Both girls and boys are typically given a middle name based on their father's forename. For girls, often ovna or evna is added to the end, whereas for boys ovich or evich is sometimes added to the end.

===Scandinavia===
The naming conventions of Scandinavian countries do not call given names middle names. While extra first names often are referred to as middle names in everyday language, laws do not reflect that and consider all of them first names. A person can have multiple first names, but usually, only one of them is used to address the person. A passport contains all names, but all except the surname are listed as first/given names. Names combined with a hyphen are counted as one name. A person named "Ulrika Britt-Inger Marie Fredriksson" has three first names and one last name, and this individual could choose to go by any of those three first names.
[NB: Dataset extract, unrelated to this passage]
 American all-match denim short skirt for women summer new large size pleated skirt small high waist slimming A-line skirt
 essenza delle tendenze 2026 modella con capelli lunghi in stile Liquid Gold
In Denmark and Norway, the legal term middle name refers most often to names that were originally surnames, but not part of the last name of the name bearer. A middle name could be a person's mother's maiden name or the last name of another recent ancestor (for instance a grandparent). In Sweden, however, although middle names were introduced in the Name Act of 1963, they were later called tilläggsnamn (added name), and then mellannamn (middle name) in the Name Act of 1983. The name act of 2017 removed the concept entirely. Existing last-name middle names may still be used, but can no longer be given.

===Vietnam===

Most Vietnamese names (e.g. Nguyễn Thị Bình) share a structure similar to that of Chinese and Korean names, typically consisting of a three-syllable name with a monosyllabic surname (Nguyễn) and a given name consisting of two monosyllables (Thị Bình). However, because the most common form of address is by last syllable (Bình) of the given name, it is usually divided into two sub-components: "padding name" (Thị) and "primary name" (Bình).

The component that appears in the "middle" of a Vietnamese personal name is not properly called a "middle name" (tên giữa) but rather a "padding name" (tên đệm) or "padding character" (chữ đệm), and it is optional. The padding name differs from the Western middle name in both function and usage: it cannot be used independently, must preced and be used together with the primary name (most is last syllable of given name) when addressing a person. For this reason, Vietnamese people do not have middle names in the English sense. The padding name is generally regarded as an optional component of a "first name" such as "Thị Bình Nguyễn", rather than a separate "middle name" such as "Bình Thị Nguyễn" when formating in Western order of "first name–middle name–last name".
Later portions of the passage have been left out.